Monday, Jun. 15, 1942
C'est La Guerre
Undergraduates last week hardly knew whether they faced the front or hind end of the college year: many accelerating colleges this month begin their year instead of ending it. Colleges casually dropped many another old tradition. Some events in their topsy-turvy week:
> For the first time in its 196-year history, Princeton decided to admit women. They will attend free engineering courses at the university this summer.
> Smith and Vassar announced that they would close for a month or more next winter, to save fuel, electricity and transportation. They will lengthen their Christmas vacations and cut spring holidays.
> Lafayette, which had 60 tons of steel to build additions to its stadium, decided that the stadium could wait, made the steel available to the War Production Board.
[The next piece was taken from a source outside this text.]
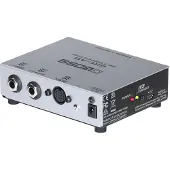 BOSS GKC-AD Guitar Synth Omvandlare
> Commencements had fewer trimmings than usual. Most satisfactory was that of the University of Wisconsin, which got a certificate of meritorious service from the Navy, the first awarded to a college, because it had given the Navy's air force five squadrons of "Flying Badgers" (163 flyers all told), more than any other U.S. college. Wisconsin also conferred an honorary LL.D in absentia on General Douglas MacArthur, was rewarded with a message in the General's characteristic prose:
"You have for one thrilling moment transplanted me from the arbitrament of the destructive mechanics of force to the constructive ennoblement of a seat of learning . . . refreshed the battleworn spirit of an old soldier with the fragrance which clusters around the sacred memories of that magic word home."